The education establishment channels Nero as Rome burns

The Roman Emperor Nero reportedly fiddled while Rome was consumed by fires that he ordered to be set. Our national educational establishment is missing only the togas and fiddles to be clones of the corrupt Nero.

There are mounds of evidence as high as Mount Everest proving the abject failure of the educational zeitgeist that has ruled K–12 education in this country. In all but the wealthiest of enclaves, all too few students are relegated to underperforming schools that fail to prepare them for college or real life. Yet the bureaucracy, and sadly some educators (secure in jobs protected by deeply ensconced rules that make it impossible to fire even for gross incompetence or abject failure to actually educate kids), fiddle merrily away while their students’ futures go up in flames.

But don’t take my word for it. Here are three examples making news — this week!

Tulsa, Okla., public schools revealed that only one-third of its high school juniors were ready for college or a career. For the math-challenged, that means two-thirds, or about 67 percent, have not been prepared for, well, anything. As usual, it is minority students who are being shortchanged the most by being stuck in failing schools. About 14 percent of black high school juniors were deemed ready for college or career before their senior year, while a quarter of Hispanic students were college- and career-ready. About 57 percent of white students met the readiness bar at that point.

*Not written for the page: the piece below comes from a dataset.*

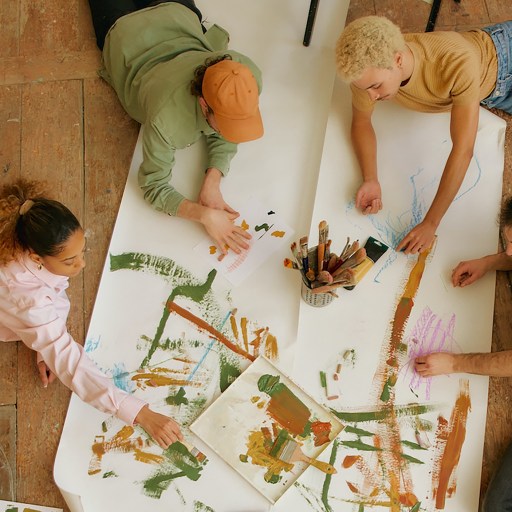 A group of people collaboratively envisioning the future of work on a piece of paper.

About 33 percent of students being deemed college- and career-ready is below the dismal national average of 46 percent. The district didn’t meet its goal of increasing its college- and career-ready rate to 37 percent, and only a third of its high schools met their goals. A robust charter school alternative path for these students would give them a way out of their failing schools and a much more certain path to being prepared for college and/or a career.

Next up is an item that shows the results of such failure at the high school level. According to a 2016 report from the Center for American Progress, a liberal think tank, somewhere between 40 to 60 percent of first-year college students now require remedial courses in math, English, or both. Many estimate it to be much higher. Millions of students are trapped in classes that only cover content they should have learned in high school.

These kinds of classes used to be called “gut” classes, yet they come at a steep cost. According to the College Board, the average cost of tuition and fees for the 2017–2018 school year was $34,740 at private colleges, $9,970 for state residents at public colleges, and $25,620 for out-of-state residents attending public universities. The traditional way of doing school is simply not working for most students. It’s time to bring on transformative educational pathways that ensure students develop competency in subjects rather than check a box of courses for old time’s sake and throw gut classes into the ash heap of history.

Our last item is a truly sad indication that the proverbial education Neros are ignoring the fire of failing schools. In July, the Hellenic Classical Charter School made the first step in the process toward opening a second charter school location in Dyker Heights, Brooklyn, from the New York State Education Department.

The move paves the way for HCCS to open a possible second location. Their first location in Sunset Park/Greenwood Heights is a dual language K-8 school with a diverse class range: 23 percent black, 44 percent Hispanic, and 27 percent white. HCCS would add 450 seats to one of Brooklyn’s most crowded school districts and is expected to launch with grades K-1 in fall 2019. After their first year, 2019-2020, the school will add a grade each year until the school serves K-8. The proposed elementary and middle charter school will focus on challenging content and supplementing instruction with classical study of the Greek and Latin language, history, etc.

Sounds pretty good, yes? Well, not if you’re an official whose livelihood comes not from success but from the status quo. The education establishment, in league with local elected officials (and not very enlightened liberals) have vociferously opposed letting HCCS expand opportunities for poor kids stuck in schools that don’t educate them. They don’t want these students to have better pathways? Shame on them.

As educational failure continues to blaze, too many education and elected officials stoke the fires and fiddle. You may be sure that the parents of the students in Tulsa and Brooklyn want a way out for their children. There are two ways, actually. One is to transform the schools into a bastion of student-centered learning, with educators merely helping direct students as they work to their best potential and achieve competency. It’s where all schools (public, private, or charter) should be.

But until every school can do that for every child, they need every alternative available under the sun. They need educational choice — and elected officials bold enough give it to them.